_YOUR ASSIGNMENT:_ Those lines of the following listing which contain the string "Pieces" should be returned.

*** Opening DATA SUPPLIED ***

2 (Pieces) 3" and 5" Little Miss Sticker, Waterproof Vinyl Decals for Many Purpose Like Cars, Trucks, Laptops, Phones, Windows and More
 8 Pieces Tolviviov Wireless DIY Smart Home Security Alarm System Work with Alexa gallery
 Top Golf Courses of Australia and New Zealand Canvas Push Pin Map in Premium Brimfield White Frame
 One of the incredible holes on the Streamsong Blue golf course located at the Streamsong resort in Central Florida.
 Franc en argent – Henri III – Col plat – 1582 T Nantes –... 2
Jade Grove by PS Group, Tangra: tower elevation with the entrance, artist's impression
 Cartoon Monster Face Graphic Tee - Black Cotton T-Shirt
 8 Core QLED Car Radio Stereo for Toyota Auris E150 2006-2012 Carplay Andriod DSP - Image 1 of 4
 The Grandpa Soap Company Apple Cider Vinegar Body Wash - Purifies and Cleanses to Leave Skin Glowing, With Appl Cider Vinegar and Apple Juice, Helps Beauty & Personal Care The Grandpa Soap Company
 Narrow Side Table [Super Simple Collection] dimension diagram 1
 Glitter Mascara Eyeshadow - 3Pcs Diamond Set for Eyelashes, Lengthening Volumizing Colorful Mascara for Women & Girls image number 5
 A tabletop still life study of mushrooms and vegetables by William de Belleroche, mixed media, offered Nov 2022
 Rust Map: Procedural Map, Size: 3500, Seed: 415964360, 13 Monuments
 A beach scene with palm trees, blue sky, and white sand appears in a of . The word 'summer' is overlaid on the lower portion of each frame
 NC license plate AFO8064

*** Closing DATA SUPPLIED ***

_SOLVED EXERCISE:_
2 (Pieces) 3" and 5" Little Miss Sticker, Waterproof Vinyl Decals for Many Purpose Like Cars, Trucks, Laptops, Phones, Windows and More
 8 Pieces Tolviviov Wireless DIY Smart Home Security Alarm System Work with Alexa gallery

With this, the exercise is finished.